MOMENTUM-- Kemarin saya bertemu sahabat lama. Dulu pernah satu almamater saat menimba ilmu di perguruan tinggi swasta.
Lebih sepuluh tahun kami berpisah. Dia menghilang, tak ada kabar berita. Setelah datang kembali ke Lampung ternyata sudah sukses. Banyak duit.
Karena sudah siang, kami berdua memutuskan untuk makan. Dia mengajak saya ke warung masakan khas padang di kawasan Telukbetung, Bandarlampung.
Sembari menyantap nasi rendang dan es jeruk dia berceloteh. Inti obrolannya, dia merasa lucu melihat tingkah laku sebagian orang yang dinilai aneh. Terutama masyarakat kalangan menengah ke atas.
Menurut dia, terkadang orang memilih makan di restoran mewah tapi tak sadar sudah dibodohi.
Dia mencontohkan, saat memesan teh manis panasa di restoran hotel. Yang datang malah air putih hangat, gula dan teh secara terpisah.
Tanpa sadar, kita dipaksa meramu sendiri gula, air hangat dan teh. Kemudian mengaduk sendiri hingga bisa dinikmati.
Pelayanannya dimana? Padahal harganya tiga kali lipat lebih mahal ketimbang di warteg.
Menurut dia, makan di restoran sejatinya untuk menghidari supaya tidak capek memasak, mencuci piring dan seterusnya. Kita bayar mahal supaya datang bisa tinggal makan.
Anehnya justru banyak orang yang suka makan di restoran yang memasak sendiri.
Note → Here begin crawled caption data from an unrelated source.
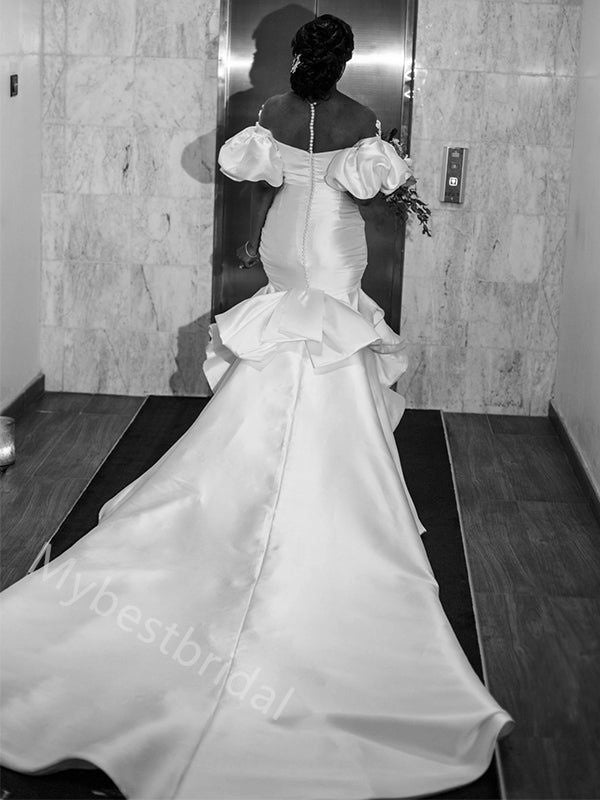 Elegant Off shoulder Sleeveless Mermaid Wedding Dresses, WDY0344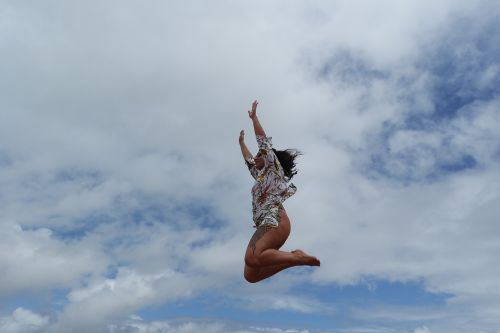 blue sky cloud jump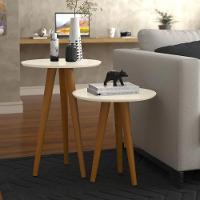 Conjunto 2 Mesinhas Redonda De Canto Lateral Retro Pé Palito Branco - 4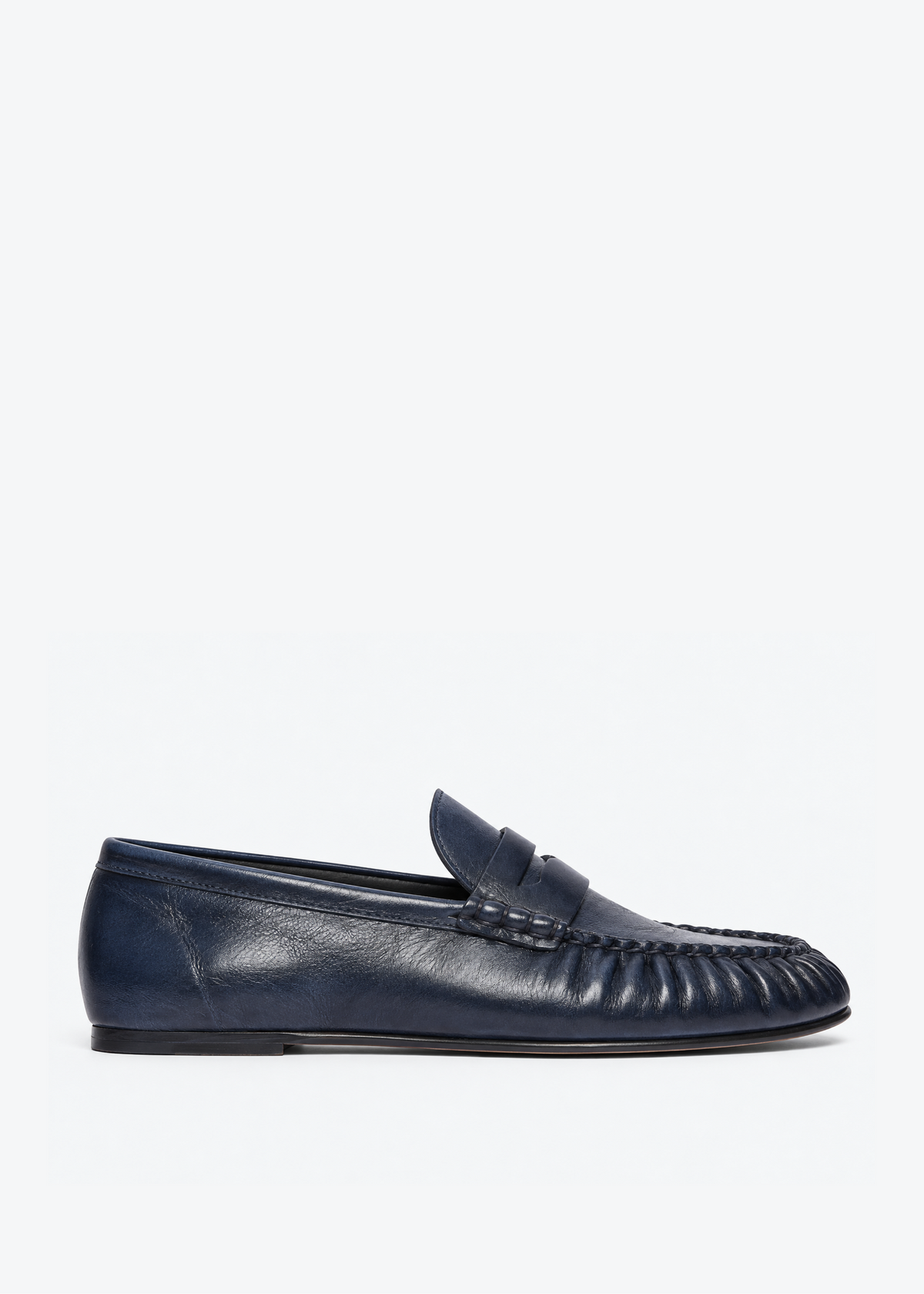 freda salvador womens Sydney Ruched Leather Penny Loafer aegean blue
Pelayan memberi racikan daging mentah, sayuran, rempah dan rebusan air mendidih.
Lalu kita disuruh masak sendiri, mencicipi sendiri makanan tersebut. Habis itu bayar mahal.
Orang punya uang banyak malah pengen hidup susah. Kelakuan aneh- aneh.
Berbeda dengan makan di warteg, kata dia. Selain harga murah pelayanannya juga luar biasa. Tinggal tunjuk jenis makan dalam lemari kaca, pelayan langsung mengantarnya ke meja kita.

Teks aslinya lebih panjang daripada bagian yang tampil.